Leonard Cohen
23-12-2016

Publicado por: Ángel Rupérez


                                                           

Imaginemos que somos jóvenes, y que estamos medio perdidos en no se sabe qué zozobra o tribulación, o que nos asalta cualquier entusiasmo improvisado, promovido por una escena cualquiera, que puede ser la aparición matutina de un motivo que enciende el sentimiento, cualquier que sea.  La niebla de la mañana, mientras vamos a clase, atravesada de pronto por el sol, como una lanzada que aporta luz por arrobas, casi como para cegar.  Imaginemos eso, o una reunión en casa con amigos, donde se entrecruzan diálogos que se pierden, o a los que no se llega, porque la voz se fragmenta y enmaraña con las otras voces…Imaginemos eso, o cualquier otro escenario, y en el medio imaginemos la voz grave de un cantante algo mayor, no mucho más mayor, cuya gravedad  impone su pauta como si se tratara de un susurro destinado a crear una complicidad cuyo contenido se ignora. Existe ese acuerdo, se ha establecido, se comparte esa resonancia, pero nada puede formalizarse, porque la voz, aunque suene físicamente, está ausente y su dueño también. Sin embargo, la alianza permanece, se incrusta en la memoria, y allí, en vez de dormir, fabrica una sólida  sustancia a la que se le puede llamar creación. ¿Creación de qué? No se sabe muy bien, porque hay que esperar mucho tiempo para que se sepa. Muchos años después, después de haber inundado los oídos con nuevas canciones del mismo músico, al oír la noticia de su muerte, descorchamos esa botella y reaparece esa creación, pero ahora saturada de nuevos estratos de experiencia que se han ido acumulando con el tiempo.
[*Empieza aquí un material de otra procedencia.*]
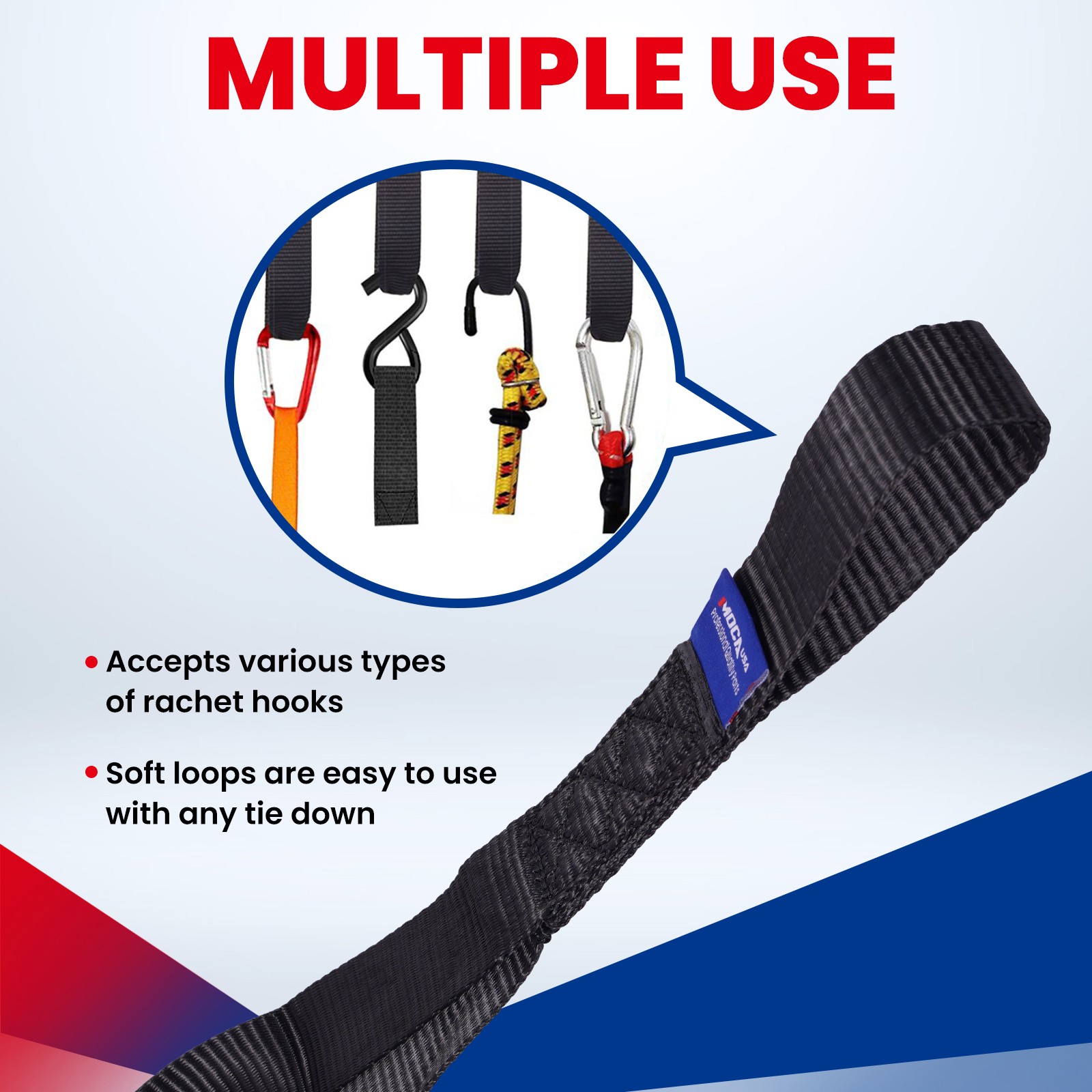 Heavy Duty Tie Down Kit – 10643 Lbs Breaking Strength Tie Down Straps 1.6″ x 17′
     El tiempo se engrandece de este modo, y la experiencia adquiere un grosor inusitado, y todo ello gracias a esa voz que nos acompañó en su día. La voz se vuelve a oír, y cogemos el primer disco que tenemos a mano y volvemos a escuchar esa voz, que ya no es la misma, porque ella también ha evolucionado, pero, al mismo tiempo, sigue siendo fiel a sus timbres y, en el fondo, sigue diciendo la misma voz. ¿Qué es eso? No es fácil señalar lo que dice la música, porque sus signos no representan cosas, ideas o sentimientos. Sin embargo, y a pesar de esa vaguedad, su poder es inmenso y dice mucho, aunque no sepamos qué dice. ¿Qué dice? Oigo su voz, escucho atentamente: parece que todo cae, que todo se derrumba. ¿Es eso? Aquella historia de aquella canción fue una celebración de un amor perdido. ¿Fue eso? ¿Y ahora? ¿Qué es?  Se oyen las ramas, golpean contra el cristal de la ventana, se oye un minutero que pauta el devenir, y la voz rasga con su gravedad esas cadencias que parecen representar esperas prolongadas, de no se sabe qué presencia. Es inútil, de no ser que acudamos exclusivamente a la letra y nos orientemos. He decidido no hacerlo. Pueden los susurros y esas pautas de cronómetro que miden una cierta pasión.

   También he decidido no oír su último disco, demasiado doloroso. Quizás la muerte acentúe ese dolor. Debe pasar el tiempo para que lo escuche. Entonces me reconciliaré con la muerte y, al hacerlo, me reconciliaré con la vida de la que esta gran voz es testimonio. No sé si volveré a la juventud y a aquellas neblinas alanceadas por la luz que traía miríadas de emociones disueltas en el aire de la mañana. No lo sé, pero sí sé que esta voz y esta música son aquel sol que me permitía vivir con una fe que nunca perderé. ¿Fe en qué? Fe en ti, creación,  que nos regalas lo que necesitamos para vivir sin perder jamás el amor a la vida, como aquella luz creada y nunca perdida. Por tanto, gracias Leonard Cohen, en la hora de tu muerte, que no lo es del todo gracias a tu creación, que a ti también te ayuda a vivir aunque cueste creerlo.